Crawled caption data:

========

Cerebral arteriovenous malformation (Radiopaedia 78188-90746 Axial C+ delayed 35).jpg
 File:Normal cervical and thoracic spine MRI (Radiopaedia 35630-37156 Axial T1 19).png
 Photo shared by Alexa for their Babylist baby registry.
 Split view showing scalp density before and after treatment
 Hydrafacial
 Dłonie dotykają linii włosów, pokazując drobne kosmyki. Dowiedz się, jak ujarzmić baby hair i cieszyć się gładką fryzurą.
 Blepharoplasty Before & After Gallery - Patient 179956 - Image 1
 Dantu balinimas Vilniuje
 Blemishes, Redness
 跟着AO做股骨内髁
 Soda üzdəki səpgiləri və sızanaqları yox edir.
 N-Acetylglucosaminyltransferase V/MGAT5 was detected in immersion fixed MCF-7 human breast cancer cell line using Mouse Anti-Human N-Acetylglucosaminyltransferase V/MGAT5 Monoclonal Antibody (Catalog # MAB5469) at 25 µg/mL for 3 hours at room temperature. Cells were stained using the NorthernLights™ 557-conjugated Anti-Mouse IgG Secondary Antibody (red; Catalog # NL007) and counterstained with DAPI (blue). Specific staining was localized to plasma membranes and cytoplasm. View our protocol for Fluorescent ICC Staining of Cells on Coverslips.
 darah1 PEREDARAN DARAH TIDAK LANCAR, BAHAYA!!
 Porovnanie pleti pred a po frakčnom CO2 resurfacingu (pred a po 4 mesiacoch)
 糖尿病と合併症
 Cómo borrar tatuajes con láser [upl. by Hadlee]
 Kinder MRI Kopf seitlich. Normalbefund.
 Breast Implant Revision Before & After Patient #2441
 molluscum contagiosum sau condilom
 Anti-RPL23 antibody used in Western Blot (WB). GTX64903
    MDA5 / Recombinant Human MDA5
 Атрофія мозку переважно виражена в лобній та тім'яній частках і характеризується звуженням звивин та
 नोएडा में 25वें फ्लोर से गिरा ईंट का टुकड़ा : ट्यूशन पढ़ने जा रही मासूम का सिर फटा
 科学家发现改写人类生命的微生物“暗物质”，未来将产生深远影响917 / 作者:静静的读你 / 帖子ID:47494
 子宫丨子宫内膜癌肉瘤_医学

========

> _EXERCISE GOAL_: Copy nothing beyond the line containing "N-Acetylglucosaminyltransferase V/MGAT5 was". Transcribe exactly from the first line of the entries down to that line, inclusive.

> _TASK RESULT_:
Cerebral arteriovenous malformation (Radiopaedia 78188-90746 Axial C+ delayed 35).jpg
 File:Normal cervical and thoracic spine MRI (Radiopaedia 35630-37156 Axial T1 19).png
 Photo shared by Alexa for their Babylist baby registry.
 Split view showing scalp density before and after treatment
 Hydrafacial
 Dłonie dotykają linii włosów, pokazując drobne kosmyki. Dowiedz się, jak ujarzmić baby hair i cieszyć się gładką fryzurą.
 Blepharoplasty Before & After Gallery - Patient 179956 - Image 1
 Dantu balinimas Vilniuje
 Blemishes, Redness
 跟着AO做股骨内髁
 Soda üzdəki səpgiləri və sızanaqları yox edir.
 N-Acetylglucosaminyltransferase V/MGAT5 was detected in immersion fixed MCF-7 human breast cancer cell line using Mouse Anti-Human N-Acetylglucosaminyltransferase V/MGAT5 Monoclonal Antibody (Catalog # MAB5469) at 25 µg/mL for 3 hours at room temperature. Cells were stained using the NorthernLights™ 557-conjugated Anti-Mouse IgG Secondary Antibody (red; Catalog # NL007) and counterstained with DAPI (blue). Specific staining was localized to plasma membranes and cytoplasm. View our protocol for Fluorescent ICC Staining of Cells on Coverslips.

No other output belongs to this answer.